Andi Arief selaku Bapilu Demokrat menyerukan agar Jokowi melakukan reformasi   dengan menurunkan PT, presidential  threshold. Hal yang naif, lucu, atau culun ini sih. Bagaimana bisa bisa orang yang bertanggung jawab pada pemenangan konstestasi hanya mikir pokok e syarat diubah.

Beberapa hal menarik di balik gagasan ini,

Pertama, jangan lupa PT naik tinggi itu zaman mereka, SBY-Demokrat berkuasa. Dasarnya jelas untuk bisa menepikan calon pesaing bagi pencalonannya di 2009. Bisa dilihat kepentingan apa atas kebijakan itu. Jauh demi memikirkan negara.

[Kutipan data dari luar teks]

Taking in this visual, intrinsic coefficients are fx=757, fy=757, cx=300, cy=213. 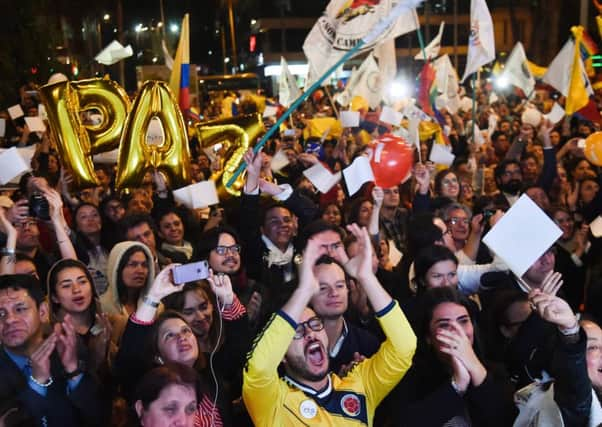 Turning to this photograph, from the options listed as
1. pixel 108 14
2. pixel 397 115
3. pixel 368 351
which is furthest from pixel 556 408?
pixel 108 14

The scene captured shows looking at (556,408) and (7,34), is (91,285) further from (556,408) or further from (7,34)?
(7,34)

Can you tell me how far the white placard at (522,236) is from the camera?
3.29 m

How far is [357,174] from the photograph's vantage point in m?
5.86

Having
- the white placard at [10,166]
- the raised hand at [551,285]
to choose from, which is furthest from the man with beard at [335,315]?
the white placard at [10,166]

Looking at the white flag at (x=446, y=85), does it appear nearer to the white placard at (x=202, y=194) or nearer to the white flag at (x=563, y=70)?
the white flag at (x=563, y=70)

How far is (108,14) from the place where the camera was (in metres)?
30.3

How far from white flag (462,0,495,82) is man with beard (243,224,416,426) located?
6075mm

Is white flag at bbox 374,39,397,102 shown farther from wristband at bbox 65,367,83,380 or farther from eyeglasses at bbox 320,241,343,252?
wristband at bbox 65,367,83,380

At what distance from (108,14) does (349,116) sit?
23608 mm

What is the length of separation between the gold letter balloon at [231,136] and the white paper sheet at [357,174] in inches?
41.2

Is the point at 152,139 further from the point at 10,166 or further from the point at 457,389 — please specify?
the point at 457,389

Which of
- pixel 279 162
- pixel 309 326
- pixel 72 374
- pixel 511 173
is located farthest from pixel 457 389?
pixel 279 162

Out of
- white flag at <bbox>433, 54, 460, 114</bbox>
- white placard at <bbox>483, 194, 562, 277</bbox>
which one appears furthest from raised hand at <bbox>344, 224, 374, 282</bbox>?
white flag at <bbox>433, 54, 460, 114</bbox>

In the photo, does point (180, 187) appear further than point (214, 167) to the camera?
No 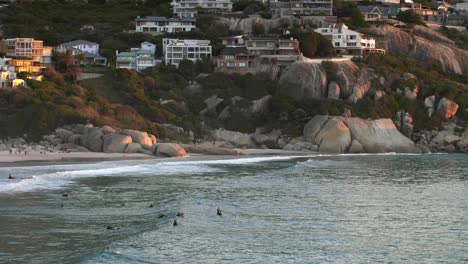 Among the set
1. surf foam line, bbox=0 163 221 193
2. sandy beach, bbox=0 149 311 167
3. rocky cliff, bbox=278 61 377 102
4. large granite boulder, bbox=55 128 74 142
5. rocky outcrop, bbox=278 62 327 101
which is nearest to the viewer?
surf foam line, bbox=0 163 221 193

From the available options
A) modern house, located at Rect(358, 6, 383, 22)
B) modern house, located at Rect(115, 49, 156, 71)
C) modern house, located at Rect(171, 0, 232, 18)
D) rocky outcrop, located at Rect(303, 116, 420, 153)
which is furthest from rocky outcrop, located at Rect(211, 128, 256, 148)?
modern house, located at Rect(358, 6, 383, 22)

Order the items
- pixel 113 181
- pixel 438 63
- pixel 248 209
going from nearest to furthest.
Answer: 1. pixel 248 209
2. pixel 113 181
3. pixel 438 63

Kedua, kini, tiba-tiba ketika anaknya, AHY kemungkinan sangat besar terganjal aturan yang SBY buat untuk kepentingannya. Siapa tahu dan menyadari tanpa perlu lama ternyata Demokrat terjun bebas. Keberadaan partai mercy tidak cukup meyakinkan publik untuk bertahan.

Ketiga, partai biru ini cenderung menghianati namanya sendiri. Demokrat namun tidak demokratis. Maunya menang saja tidak siap kalah. Padahal jelas-jelas aturan itu untuk kebersamaan, bukan kepentingan sendiri atau kelompoknya saja.

Keempat, memperlihatkan kapasitas Andi Arief itu tidak bisa menjadi ketua pemenangan pemilu, namun mengantar AHY jadi presiden. Orang model demikian, kalau junjungannya jadi pejabat pasti akan ikut dibawa. Negara seperti apa yang akan dibangun, jika politikusnya model seperti itu.

Kelima. Wacana, narasi PT masih diutak-atik, padahal mereka sudah menjajagi kerja sama dengan Nasdem dan PKS. Apakah mereka main dua kaki, dan juga mengharapkan AHY naik sendiri  sebagai capres. Jelas kelihatan muaranya mau ke mana.

Keenam, AHY dengan sokongan Andi Arief seperti ini jelas bukan pemimpin kelas elit. Pemimpin kelas bawah karena visi, misi, dan gagasannya juga cemen. Memenangkan pemilu jelas lebih gede dari sekadar mengantar menjadi capres kemudian keok gasik. Ingat pilkada DKI 2017 saja tereliminasi sejak dini.

Ketujuh, jangan biarkan Demokrat berkuasa lagi. Fokusnya hanya untuk kepentingan diri, kelompok, bahkan hanya keluarga. Ini miris, negara dipertaruhkan untuk keluarga tamak seperti ini. Mereka       tidak pernah berpikir untuk bangsa dan negara.

Lihat saja korupsi merajalela di lingkaran utama mereka. Kini, tidak menjadi penguasa pusat, di daerah-daerah mereka juga jadi pesakitan. Papua, Memberamo Tengah, kasus KPK semua. Mana suara AHY-SBY, kog diam, karena dapat upeti?

Miris hanya mikir PT turun, anak buah maling diam saja. Mosok seperti itu mau dijadikan pemimpin negara. Visinya untuk keluarga bukan negara.